Thanks you guys for such nice posts.


----------



## PoodlePaws (May 28, 2013)

Poodlebeguiled said:


> What are puppy ears? Shorter and clipped around the border of the ear leather? Hmmm...The problem with Matisse's ears is the hair is quite thick so it's like looking at the edge of a 2x4 at the bottom. I think somehow that needs to be layered from the back side of it...the inside to the front or outside. Do you know what I mean? I wish a groomer would see this thread. On the other hand, I'd be really embarrassed. lol.


Yep. Let me see if I can find a pic for you. They are layered and short around the ear leather


----------



## PoodlePaws (May 28, 2013)

Missy


----------



## PoodlePaws (May 28, 2013)




----------



## cindyreef (Sep 28, 2012)

I think he looks gorgeous! Personally, I love his ears, the way they are cut off straight. I am going to cut some hair off of Dexter's next time. His are long now.


----------



## PoodlePaws (May 28, 2013)

YA know if he were mine with that head of hair and ears, I would cut his ears really short like Missy's. It would look like he didn't have ears!! And just a head with a fro. I like weird things like that haha!!


----------



## Poodlebeguiled (May 27, 2013)

Poodle paws...thanks. But I just couldn't. I am too conventional...my world is narrow and no ears would just not fit into the box. haha. But I'd think about layering it, maybe not from the outside...the side you see, but from the inside...sort of step it up so they might lie better. So the outside would look all one length but they might not stick out so much. lol. Or....maybe layering them so you see that variation like we do with our hair sometimes. But I have no idea _how_. It always looks sort of choppy no matter what I do. Oh grrrrrr! But thanks you guys for the nice comments and ideas. I'll be thinking on it.


----------



## Poodlebeguiled (May 27, 2013)

cindyreef said:


> I think he looks gorgeous! Personally, I love his ears, the way they are cut off straight. I am going to cut some hair off of Dexter's next time. His are long now.


Thanks Cindy. I didn't make them exactly straight. I meant to but I went up hill on one side so I had to go up on the other side sort of a slight curve. They're almost too short so I'm chicken to mess with them anymore. 

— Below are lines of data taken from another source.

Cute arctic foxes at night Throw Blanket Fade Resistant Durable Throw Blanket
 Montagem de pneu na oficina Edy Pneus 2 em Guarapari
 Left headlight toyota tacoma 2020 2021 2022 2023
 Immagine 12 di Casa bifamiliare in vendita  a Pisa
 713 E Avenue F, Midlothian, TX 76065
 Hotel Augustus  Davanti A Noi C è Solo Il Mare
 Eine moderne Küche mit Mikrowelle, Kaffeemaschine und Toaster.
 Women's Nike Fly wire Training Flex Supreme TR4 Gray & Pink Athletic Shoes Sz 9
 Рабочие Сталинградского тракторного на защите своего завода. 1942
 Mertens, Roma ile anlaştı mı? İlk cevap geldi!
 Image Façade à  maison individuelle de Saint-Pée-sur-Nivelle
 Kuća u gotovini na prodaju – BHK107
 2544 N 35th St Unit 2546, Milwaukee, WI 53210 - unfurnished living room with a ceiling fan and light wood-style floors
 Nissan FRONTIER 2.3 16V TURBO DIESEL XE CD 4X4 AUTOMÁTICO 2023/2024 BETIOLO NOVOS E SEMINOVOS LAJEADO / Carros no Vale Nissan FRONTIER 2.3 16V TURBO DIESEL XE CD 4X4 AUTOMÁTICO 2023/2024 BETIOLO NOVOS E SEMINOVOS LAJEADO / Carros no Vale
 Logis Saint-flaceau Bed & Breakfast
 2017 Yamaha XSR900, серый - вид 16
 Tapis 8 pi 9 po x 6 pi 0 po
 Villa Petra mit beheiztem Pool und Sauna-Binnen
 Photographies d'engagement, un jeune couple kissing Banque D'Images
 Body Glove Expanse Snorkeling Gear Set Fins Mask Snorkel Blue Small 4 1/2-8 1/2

It would be fun when you do Dexter's ears. You could make a thread all about ears. LOL. Everyone could describe what they do with ears and show pics.


----------



## Beaches (Jan 25, 2014)

Poodle b - I have to confess to an untrained eye but I think Matisse looks wonderful. You did an amazing job. Bet he feels like he won the lottery too. Your first pics really had us going.


----------



## PoodlePaws (May 28, 2013)

I'm working toward these ears with gemma


----------



## hopetocurl (Jan 8, 2014)

He is adorable


----------



## Charmed (Aug 4, 2014)

After seeing all the hair on the table, I was expecting a "nakie" poodle. The end result was so much better than I expected. That little boy was sure packing a ton of hair!


----------



## mom2m (Dec 24, 2014)

He looks so fluffy, handsome and happy!


----------



## fjm (Jun 4, 2010)

I can quite see why you felt it was time to remove all that coat - more hair than poodle! I think you have done a good job of rough cutting, ready for a tidy up when the new clippers arrive, and I bet he feels 1000% more comfortable - and then there is all the time you will save not trying to keep show coat mat free. I like the clubbed ear look, especially with a rather shorter topknot - and you may find that less hair helps with the tear staining, too. I am looking forward to seeing the revised groom in a week or two!


----------



## mom2Zoe (Jun 17, 2014)

when I saw all that hair I was expecting a bald poodle. I love the way he looks! I think he looks better than before, but I prefer this look! His ears are perfect!
Zoe has short ears now because I must have trimmed them by mistake when doing her face. They had to be leveled off... lol
I like how straight they are at the bottom.


----------



## itzmeigh (Apr 28, 2014)

He looks great!

We had the "a poodle exploded in this room" look a couple of weeks ago when I set Hazel into a T&C. There was just So.Much.Hair!! I texted my middle sister and we all agreed that the hair pile on the floor was bigger then her whole dog. (She has a tiny Pom, but we've forgiven her.)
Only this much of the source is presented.